Image showing the environment variables of Raspberry Pi devices with their values. Image showing the environment variables of Raspberry Pi devices with their values.

Using environment variables as the topic enables the same flow to be used across multiple devices without modification, ensuring that each device utilizes its own environment variables (device name) and sends data under its respective topic.

Visualizing Data with the FlowFuse Dashboard

Now that the data is being broadcasted, it can be used to build a simple dashboard that visualizes it with different types of charts.

Dashboard monitoring device CPU usage, memory uptime, and load average Dashboard monitoring device CPU usage, memory uptime, and load average

Ensure that a separate Hosted Instance has been created in the same Team where the hardware is registered. This instance will be used to deploy the dashboard.

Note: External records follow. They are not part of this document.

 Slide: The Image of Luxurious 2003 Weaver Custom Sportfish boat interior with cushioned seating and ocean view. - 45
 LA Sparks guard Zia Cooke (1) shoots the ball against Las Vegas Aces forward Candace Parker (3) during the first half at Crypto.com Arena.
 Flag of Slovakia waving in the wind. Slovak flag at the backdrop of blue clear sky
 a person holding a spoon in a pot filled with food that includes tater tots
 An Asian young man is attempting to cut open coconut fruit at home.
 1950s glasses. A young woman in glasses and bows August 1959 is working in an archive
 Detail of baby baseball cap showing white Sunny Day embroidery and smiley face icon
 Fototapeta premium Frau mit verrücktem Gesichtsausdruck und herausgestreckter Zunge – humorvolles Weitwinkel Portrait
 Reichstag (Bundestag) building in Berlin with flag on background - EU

Setting Up the Data Source

  1. Drag the Project In node onto the canvas.
  2. Double-click on it and select "Listen for broadcast messages from".
  3. Choose "All instances and devices" from the "Source" dropdown menu.
  4. Enter the device name in the topic field, ensuring it matches exactly with the ${FF_DEVICE_NAME} device environment variable.
  5. Click Done.

Memory Usage Visualization

  1. Drag two Change nodes onto the canvas.
  2. Double-click on the first Change node. Set msg.payload to:
    payload.MEMORY_USAGE.totalmem - payload.MEMORY_USAGE.freemem
  3. Set msg.topic to "USED MEMORY" and click Done.
  4. Double-click on the second Change node, Set msg.payload to:
    msg.payload.MEMORY_USAGE.freemem
  5. Set msg.topic to "Free Memory" and click Done.
  6. Drag a ui-chart widget onto the canvas.
  7. Double-click on the widget and create a new Group.
  8. Set the chart type to "Pie" and action to "Append".
  9. Set X to msg.topic and leave Y empty.
  10. Click Done.
  11. Connect the nodes as follows:

Project In node → Change nodes → ui-chart widget

CPU Usage Visualization

  1. Drag a Change node onto the canvas.
  2. Double-click on the node. Set msg.payload to:
    $round(payload.CPU_USAGE, 2)
  3. Click Done.
  4. Drag a ui-gauge widget onto the canvas.
  5. Double-click on the widget and create a new group.
  6. Set the height and size.
  7. Select "3/4 gauge" with a rounded style.
  8. Set the range from 0 to 100.
  9. Add three segments with colors: 0 (Green), 50 (Yellow), 80 (Red).
  10. Set the label to "CPU" and unit to %.
  11. Click Done.
  12. Connect the nodes as follows:

Project In node → Change node → ui-gauge widget

System Uptime Visualization

  1. Drag the Humanizer node onto the canvas.
  2. Double-click on the node and enter "UPTIME" in the input variable field.
  3. Click Done.
  4. Drag a Change node onto the canvas.
  5. Double-click on the node. Set msg.payload to:
    msg.payload.humanized
  6. Click Done.
  7. Drag a ui-text widget onto the canvas.
  8. Double-click on it and create a new group.
  9. Select the correct layout.
  10. Check the "Apply Styles" option and select the color, font, and size that best suits your needs.
  11. Click Done.
  12. Connect the nodes as follows:

Project In node → Humanizer node → Change node → ui-text widget

Below is the complete dashboard flow, which visualizes the system data we collected.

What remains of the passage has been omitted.